## INFORMATION SUPPLIED
╔══

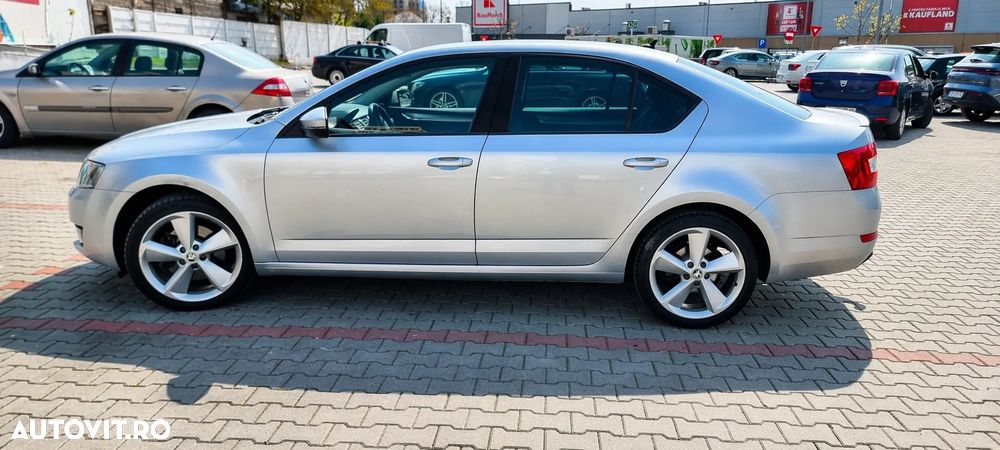Skoda Octavia 2.0 TDI DSG 4X4 RS - 21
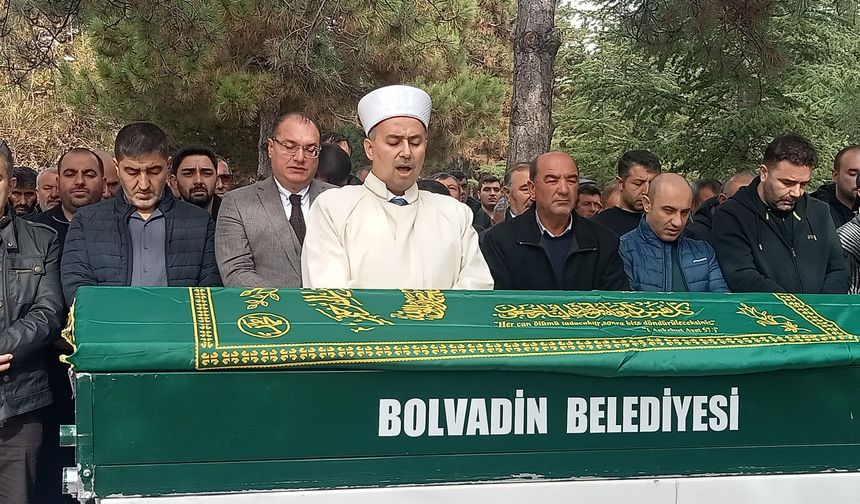 Zehirlenme Şüphesiyle Hayatını Kaybeden Aile Yan Yana Defnedildi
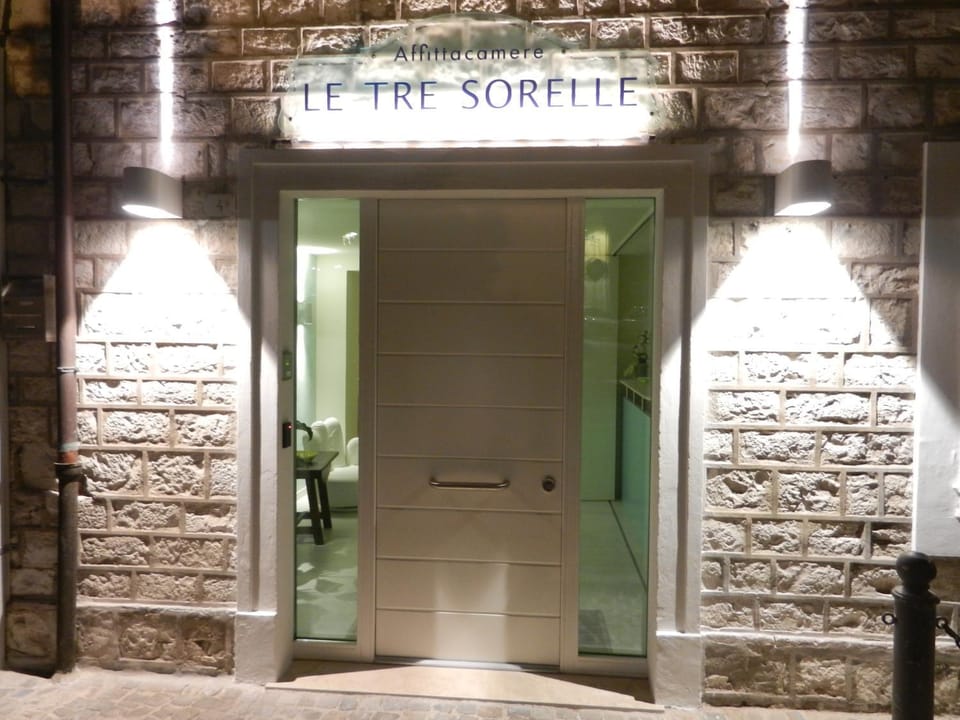 Facade/entrance, On site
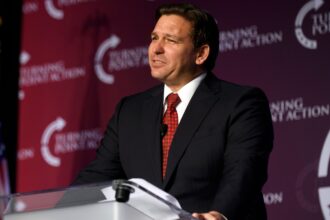 DeSantis Attacks Trump’s Covid-19 Pandemic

╚══

Without the pictures, output the full listing exactly as it stands.

Skoda Octavia 2.0 TDI DSG 4X4 RS - 21
 Zehirlenme Şüphesiyle Hayatını Kaybeden Aile Yan Yana Defnedildi
 Facade/entrance, On site
 DeSantis Attacks Trump’s Covid-19 Pandemic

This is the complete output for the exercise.